In re Rice: Why HEAL Loans Are Almost Impossible to Discharge in Bankruptcy
Updated on August 31, 2025
If you have a Health Education Assistance Loan (HEAL loan), bankruptcy is almost never a way out. A 1996 case, In re Rice, made that clear: unless repaying would be “unconscionable” — not just difficult, but shockingly unfair — the debt survives.
That decision still governs HEAL loans today.
While most student loans require showing “undue hardship” to qualify for discharge, HEAL loans face the much stricter “unconscionable” standard. In practice, that means bankruptcy isn’t a realistic option for most borrowers.
What Makes HEAL Loans Different in Bankruptcy
Most student loans require you to prove “undue hardship” to qualify for discharge in bankruptcy. That’s already a difficult standard, but some borrowers do succeed.
HEAL loans fall under a different law — the Public Health Service Act — and use a stricter test: “unconscionability.” Courts have defined that to mean repayment must be shockingly unfair, harsh, or outrageous.
If you have a HEAL loan, that bar is so high that bankruptcy almost never works. Congress wrote the rule this way to protect taxpayer dollars used to fund medical and dental education, assuming graduates would earn high incomes.
The Story of Ronald Rice
Ronald Rice borrowed about $20,000 in HEAL loans in the late 1970s to attend medical school but never finished his degree. By the mid-1980s, he had defaulted. Once the government stepped in as guarantor, the balance grew quickly with interest and penalties.
By 1989, the government had a judgment against him for more than $60,000. When he filed for bankruptcy in 1992, the total was over $77,000 — nearly four times what he borrowed. In all that time, Rice had voluntarily paid only $55.
At first, the bankruptcy court reduced his debt to about $27,500 using its equitable powers. On appeal, the higher courts reversed that decision.
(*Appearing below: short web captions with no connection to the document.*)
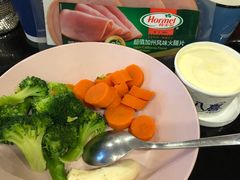 -盒马鲜生(悠方店)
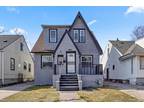 11681 Forrer St, Detroit, MI 48227 MLS# [phone removed]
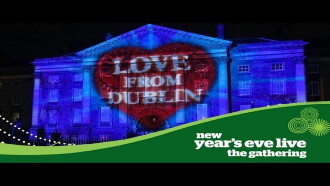 Madness: Live In Dublin 2013 Trailer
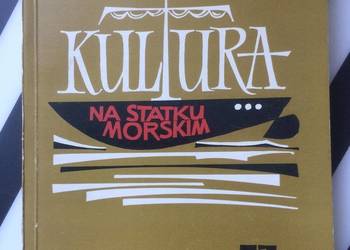 ( 3679 ) Kultura Na Statku Morskim ( 3679 ) Kultura Na Statku Morskim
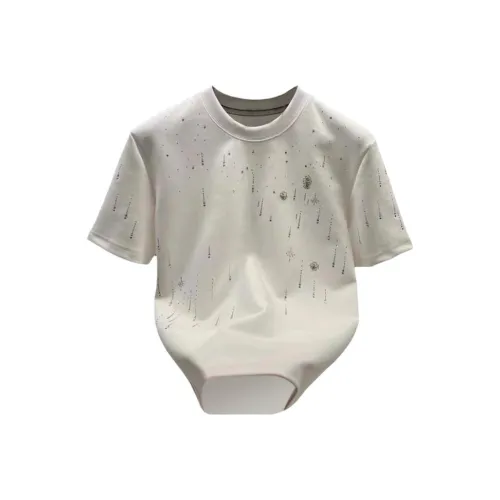 CAT'S PAW Унисекс Футболка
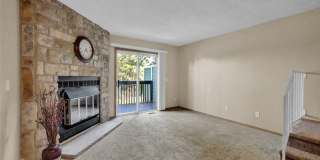 Charming 3BR Townhome in Colorado Springs Gallery 10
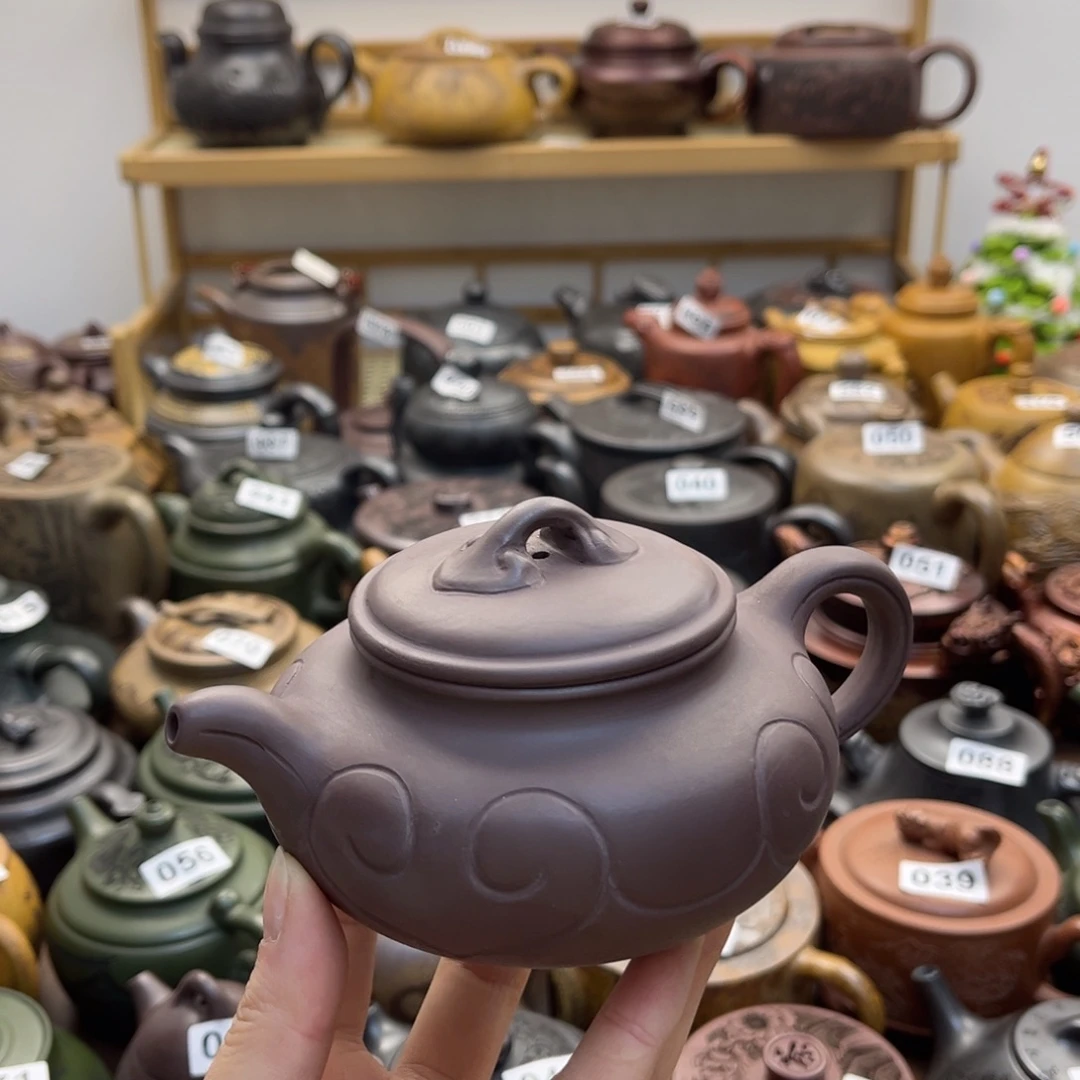 紫砂微瑕紫砂微瑕300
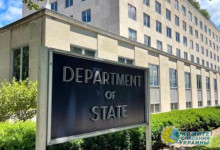 Госдеп США рекомендует американцам покинуть Белоруссию и Приднестровье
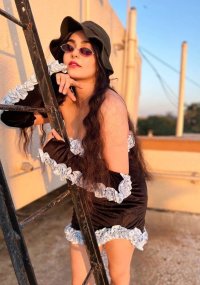 adah sharma_teluguvox 4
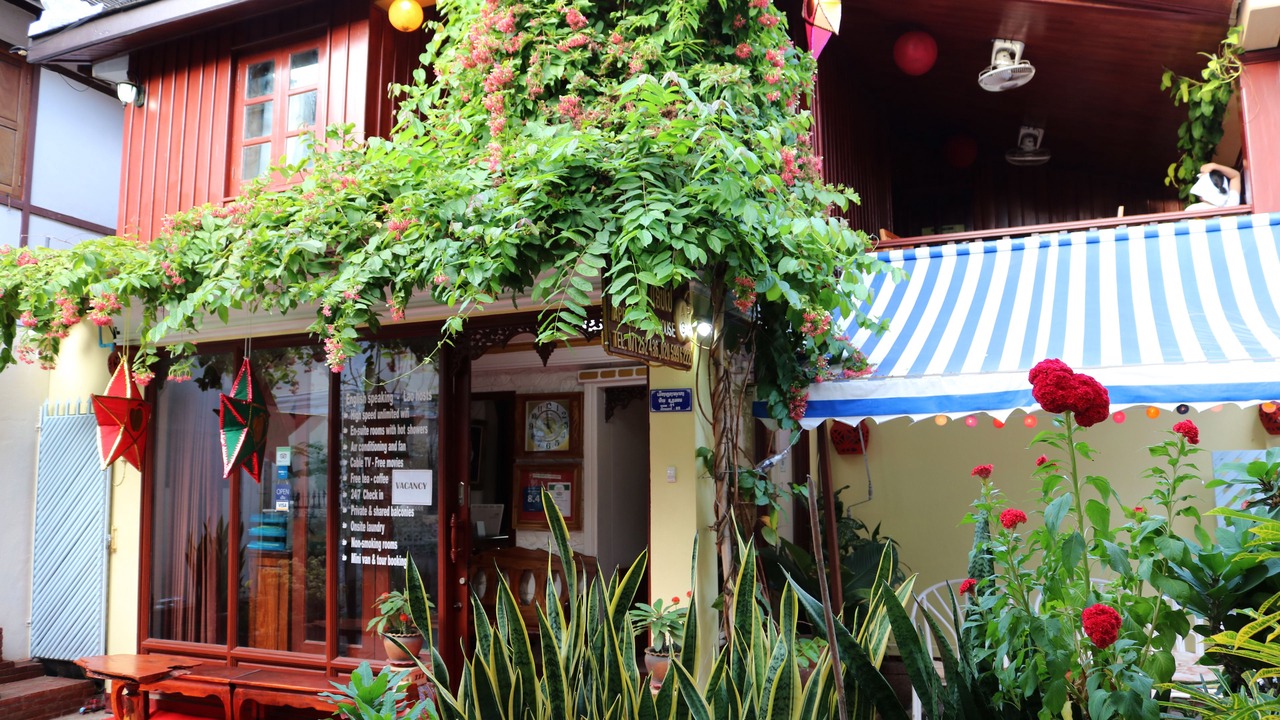 Photo of Outdoor in Luang Prabang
They ruled that fairness alone wasn’t enough; the law required proof that repayment would be unconscionable, and Rice didn’t meet that standard.
What “Unconscionable” Really Means
HEAL loans use the legal standard of “unconscionability” instead of “undue hardship.” Courts define that to mean repayment must be shockingly unfair, harsh, or outrageous — a far tougher bar than undue hardship.
Here’s the practical difference:
Undue hardship: repaying would leave you unable to maintain a minimal standard of living, with no realistic chance of improvement.
Unconscionability: repayment would be so extreme that it shocks the conscience — far beyond ordinary financial struggle.
In In re Rice, the court said it considers several factors when deciding if repayment is unconscionable:
Income and earning potential
Health of the borrower or dependents
Education and assets
Necessary living expenses
Good faith efforts to repay
For borrowers, this means courts don’t just look at your current hardship — they also weigh your future earning potential, your lifestyle choices, and whether you’ve made genuine efforts to repay.
In Rice’s case, the court ruled that while repayment might be difficult, it wasn’t unconscionable.
How In re Rice Shaped the Law
The Rice decision set the standard courts still follow in HEAL loan cases. The appeals court made two points that remain central today:
Fairness is not enough. The bankruptcy court had reduced Rice’s debt using its equitable powers. On appeal, that ruling was reversed. The court held that judges cannot discharge HEAL loans unless repayment would be unconscionable.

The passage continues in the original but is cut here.